Mozambican actress (born 1969)

Lucrécia Paco (born 19 October 1969) is a Mozambican actress. She is considered to be one of the most acclaimed actresses in Mozambique.

==Biography==
Paco grew up in Maputo. As a child, she enjoyed singing and dancing to the traditional music, which was severely repressed at the time before Mozambique's independence in 1975. Paco was beaten at school for using traditional languages. After independence, the socialist government encouraged artistic groups, and she participated by singing, dancing, and reciting poems.

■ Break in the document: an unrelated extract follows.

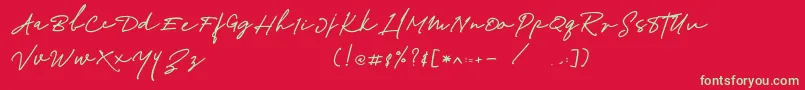 フォントRichland – 赤い背景に緑の文字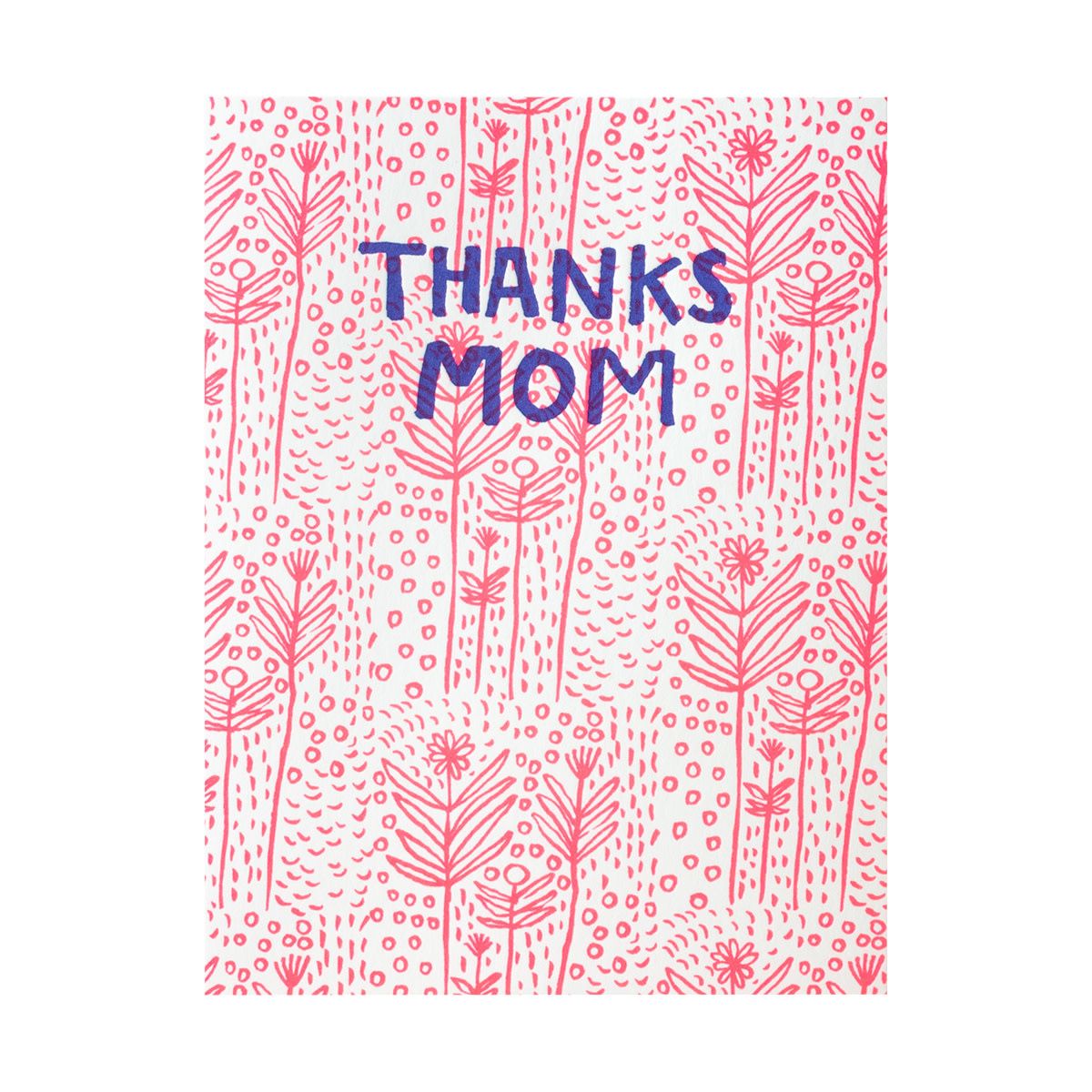 Thanks Mom Folk Floral Letterpress Card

During the Mozambican Civil War, Paco turned her attention towards theater as a form of political action. She was featured in the 1984 documentary Maputo Mulher. In 1986, Paco was one of the founders of the Mutumbela Gogo troupe, the first professional theater troupe in Mozambique which is still ongoing today. She was influenced by the many Soviet films that she watched, and created short plays about what it was like to be Mozambican. In order to support the theater group, Paco and other members founded a bakery.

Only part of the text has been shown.